• **RECORDS SUPPLIED**:
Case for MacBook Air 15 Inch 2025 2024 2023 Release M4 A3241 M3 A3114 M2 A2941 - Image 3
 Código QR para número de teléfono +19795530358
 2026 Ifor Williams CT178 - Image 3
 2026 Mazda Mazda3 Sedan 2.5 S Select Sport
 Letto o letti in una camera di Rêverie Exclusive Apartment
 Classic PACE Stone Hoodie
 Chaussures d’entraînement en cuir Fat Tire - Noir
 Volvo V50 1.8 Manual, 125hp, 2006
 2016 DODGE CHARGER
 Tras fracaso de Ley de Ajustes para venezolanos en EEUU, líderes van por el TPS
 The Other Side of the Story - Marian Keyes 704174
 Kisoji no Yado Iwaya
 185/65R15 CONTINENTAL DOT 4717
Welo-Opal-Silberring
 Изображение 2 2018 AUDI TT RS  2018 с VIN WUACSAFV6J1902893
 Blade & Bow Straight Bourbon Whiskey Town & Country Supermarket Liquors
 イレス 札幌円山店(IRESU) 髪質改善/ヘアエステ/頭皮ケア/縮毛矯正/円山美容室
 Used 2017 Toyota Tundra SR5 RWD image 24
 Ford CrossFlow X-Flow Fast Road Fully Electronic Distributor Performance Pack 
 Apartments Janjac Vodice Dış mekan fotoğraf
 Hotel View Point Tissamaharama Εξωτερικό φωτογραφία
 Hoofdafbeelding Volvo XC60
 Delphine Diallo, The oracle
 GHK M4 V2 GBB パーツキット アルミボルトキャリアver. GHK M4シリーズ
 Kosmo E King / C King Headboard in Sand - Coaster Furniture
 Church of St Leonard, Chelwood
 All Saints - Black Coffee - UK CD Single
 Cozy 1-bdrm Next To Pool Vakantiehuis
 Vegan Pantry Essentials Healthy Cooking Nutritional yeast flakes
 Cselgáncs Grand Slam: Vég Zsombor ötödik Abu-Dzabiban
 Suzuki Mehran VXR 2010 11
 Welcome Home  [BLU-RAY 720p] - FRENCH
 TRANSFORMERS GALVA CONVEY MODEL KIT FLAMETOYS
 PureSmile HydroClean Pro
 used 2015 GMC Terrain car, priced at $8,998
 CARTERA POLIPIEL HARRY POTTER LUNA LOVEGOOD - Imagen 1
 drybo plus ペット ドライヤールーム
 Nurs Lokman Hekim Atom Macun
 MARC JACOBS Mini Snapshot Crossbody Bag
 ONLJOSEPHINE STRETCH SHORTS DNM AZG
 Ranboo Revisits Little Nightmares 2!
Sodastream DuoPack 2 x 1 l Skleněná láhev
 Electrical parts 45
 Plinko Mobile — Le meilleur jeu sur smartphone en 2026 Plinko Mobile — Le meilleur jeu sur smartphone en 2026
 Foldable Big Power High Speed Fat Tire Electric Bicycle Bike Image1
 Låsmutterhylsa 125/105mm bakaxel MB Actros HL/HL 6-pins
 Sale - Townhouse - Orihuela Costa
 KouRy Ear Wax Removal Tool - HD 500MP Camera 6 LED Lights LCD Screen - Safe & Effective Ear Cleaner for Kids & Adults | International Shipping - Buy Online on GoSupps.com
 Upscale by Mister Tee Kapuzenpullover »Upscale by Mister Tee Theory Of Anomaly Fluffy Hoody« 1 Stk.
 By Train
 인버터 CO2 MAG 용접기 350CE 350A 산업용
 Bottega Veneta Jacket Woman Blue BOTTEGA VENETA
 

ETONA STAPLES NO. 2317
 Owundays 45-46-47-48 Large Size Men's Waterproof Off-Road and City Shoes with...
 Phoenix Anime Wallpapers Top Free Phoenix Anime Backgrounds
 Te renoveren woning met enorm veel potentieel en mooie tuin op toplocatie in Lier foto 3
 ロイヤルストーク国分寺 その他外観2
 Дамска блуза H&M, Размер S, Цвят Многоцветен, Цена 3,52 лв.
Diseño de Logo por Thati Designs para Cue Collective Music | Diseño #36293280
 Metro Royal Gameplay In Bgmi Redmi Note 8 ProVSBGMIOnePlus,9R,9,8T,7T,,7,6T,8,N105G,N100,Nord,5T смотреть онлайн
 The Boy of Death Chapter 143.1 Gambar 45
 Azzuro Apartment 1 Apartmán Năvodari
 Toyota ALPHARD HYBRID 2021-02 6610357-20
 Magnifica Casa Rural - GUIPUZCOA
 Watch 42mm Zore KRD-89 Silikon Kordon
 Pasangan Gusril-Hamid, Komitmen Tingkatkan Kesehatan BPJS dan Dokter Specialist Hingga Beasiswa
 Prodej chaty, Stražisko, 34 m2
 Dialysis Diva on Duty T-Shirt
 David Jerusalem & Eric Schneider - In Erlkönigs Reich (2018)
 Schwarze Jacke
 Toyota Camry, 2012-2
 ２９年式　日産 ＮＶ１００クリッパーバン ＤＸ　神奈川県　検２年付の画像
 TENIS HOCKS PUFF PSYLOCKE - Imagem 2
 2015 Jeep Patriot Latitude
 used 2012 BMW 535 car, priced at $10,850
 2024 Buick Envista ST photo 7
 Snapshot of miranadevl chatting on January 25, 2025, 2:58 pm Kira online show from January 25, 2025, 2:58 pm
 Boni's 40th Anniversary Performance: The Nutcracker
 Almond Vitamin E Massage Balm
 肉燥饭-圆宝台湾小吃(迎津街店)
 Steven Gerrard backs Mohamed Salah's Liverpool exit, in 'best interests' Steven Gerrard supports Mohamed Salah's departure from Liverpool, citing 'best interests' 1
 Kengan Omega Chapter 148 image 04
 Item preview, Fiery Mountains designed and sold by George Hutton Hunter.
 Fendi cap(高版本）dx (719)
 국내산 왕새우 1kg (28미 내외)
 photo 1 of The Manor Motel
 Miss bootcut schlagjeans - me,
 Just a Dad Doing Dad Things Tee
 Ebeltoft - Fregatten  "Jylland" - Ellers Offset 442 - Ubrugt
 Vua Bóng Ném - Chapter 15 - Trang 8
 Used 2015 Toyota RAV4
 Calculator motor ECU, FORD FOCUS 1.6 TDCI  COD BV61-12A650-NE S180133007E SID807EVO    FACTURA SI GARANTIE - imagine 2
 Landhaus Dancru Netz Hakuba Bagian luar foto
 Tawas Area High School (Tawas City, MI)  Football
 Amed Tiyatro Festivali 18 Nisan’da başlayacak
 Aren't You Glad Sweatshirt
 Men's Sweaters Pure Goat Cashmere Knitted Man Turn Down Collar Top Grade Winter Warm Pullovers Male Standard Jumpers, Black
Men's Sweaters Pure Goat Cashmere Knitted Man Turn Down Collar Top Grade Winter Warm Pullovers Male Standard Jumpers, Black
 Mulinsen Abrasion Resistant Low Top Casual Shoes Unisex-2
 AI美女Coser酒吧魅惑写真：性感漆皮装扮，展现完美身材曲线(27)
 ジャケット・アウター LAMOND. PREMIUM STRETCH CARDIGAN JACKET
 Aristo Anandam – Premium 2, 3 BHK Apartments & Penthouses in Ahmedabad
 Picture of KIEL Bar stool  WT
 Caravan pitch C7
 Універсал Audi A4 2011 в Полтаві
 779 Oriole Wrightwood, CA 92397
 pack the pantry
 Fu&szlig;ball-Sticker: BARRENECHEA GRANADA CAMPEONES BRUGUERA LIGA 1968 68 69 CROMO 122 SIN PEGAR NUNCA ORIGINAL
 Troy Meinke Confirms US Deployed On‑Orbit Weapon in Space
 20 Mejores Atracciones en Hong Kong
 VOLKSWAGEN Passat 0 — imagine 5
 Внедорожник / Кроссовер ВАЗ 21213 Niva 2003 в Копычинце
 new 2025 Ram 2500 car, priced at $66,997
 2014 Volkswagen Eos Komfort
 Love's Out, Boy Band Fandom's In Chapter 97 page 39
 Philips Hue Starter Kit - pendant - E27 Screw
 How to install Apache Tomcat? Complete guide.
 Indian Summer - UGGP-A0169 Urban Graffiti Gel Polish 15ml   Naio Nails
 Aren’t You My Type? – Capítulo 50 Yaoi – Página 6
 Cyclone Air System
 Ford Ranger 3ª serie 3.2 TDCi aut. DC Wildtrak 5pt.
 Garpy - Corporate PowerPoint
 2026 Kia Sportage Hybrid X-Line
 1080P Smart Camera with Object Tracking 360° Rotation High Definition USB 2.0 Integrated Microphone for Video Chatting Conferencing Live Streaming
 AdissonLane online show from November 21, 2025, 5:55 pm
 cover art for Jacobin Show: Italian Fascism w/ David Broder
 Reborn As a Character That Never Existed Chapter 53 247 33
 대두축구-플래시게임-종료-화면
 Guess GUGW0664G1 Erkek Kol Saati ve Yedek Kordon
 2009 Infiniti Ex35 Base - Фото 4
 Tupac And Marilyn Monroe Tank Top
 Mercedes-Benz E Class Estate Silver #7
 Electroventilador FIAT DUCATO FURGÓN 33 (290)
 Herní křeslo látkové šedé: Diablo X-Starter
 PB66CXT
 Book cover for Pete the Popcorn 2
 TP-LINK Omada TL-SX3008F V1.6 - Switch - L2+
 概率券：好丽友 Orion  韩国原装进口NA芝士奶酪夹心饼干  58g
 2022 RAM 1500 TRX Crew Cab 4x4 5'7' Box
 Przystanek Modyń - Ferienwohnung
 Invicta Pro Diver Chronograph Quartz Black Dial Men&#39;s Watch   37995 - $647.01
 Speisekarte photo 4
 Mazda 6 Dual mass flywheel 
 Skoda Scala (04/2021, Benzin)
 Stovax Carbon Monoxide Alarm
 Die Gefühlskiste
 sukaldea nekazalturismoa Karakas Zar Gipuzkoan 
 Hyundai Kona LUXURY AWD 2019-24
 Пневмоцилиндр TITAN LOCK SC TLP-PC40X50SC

• **TASK DESCRIPTION**: Since only part of the listing is wanted, copy exactly the lines from the one holding "Schwarze Jacke" to the one holding "Landhaus Dancru Netz Hakuba Bagian luar foto", both included.

• **EXPECTED ANSWER**:
 Schwarze Jacke
 Toyota Camry, 2012-2
 ２９年式　日産 ＮＶ１００クリッパーバン ＤＸ　神奈川県　検２年付の画像
 TENIS HOCKS PUFF PSYLOCKE - Imagem 2
 2015 Jeep Patriot Latitude
 used 2012 BMW 535 car, priced at $10,850
 2024 Buick Envista ST photo 7
 Snapshot of miranadevl chatting on January 25, 2025, 2:58 pm Kira online show from January 25, 2025, 2:58 pm
 Boni's 40th Anniversary Performance: The Nutcracker
 Almond Vitamin E Massage Balm
 肉燥饭-圆宝台湾小吃(迎津街店)
 Steven Gerrard backs Mohamed Salah's Liverpool exit, in 'best interests' Steven Gerrard supports Mohamed Salah's departure from Liverpool, citing 'best interests' 1
 Kengan Omega Chapter 148 image 04
 Item preview, Fiery Mountains designed and sold by George Hutton Hunter.
 Fendi cap(高版本）dx (719)
 국내산 왕새우 1kg (28미 내외)
 photo 1 of The Manor Motel
 Miss bootcut schlagjeans - me,
 Just a Dad Doing Dad Things Tee
 Ebeltoft - Fregatten  "Jylland" - Ellers Offset 442 - Ubrugt
 Vua Bóng Ném - Chapter 15 - Trang 8
 Used 2015 Toyota RAV4
 Calculator motor ECU, FORD FOCUS 1.6 TDCI  COD BV61-12A650-NE S180133007E SID807EVO    FACTURA SI GARANTIE - imagine 2
 Landhaus Dancru Netz Hakuba Bagian luar foto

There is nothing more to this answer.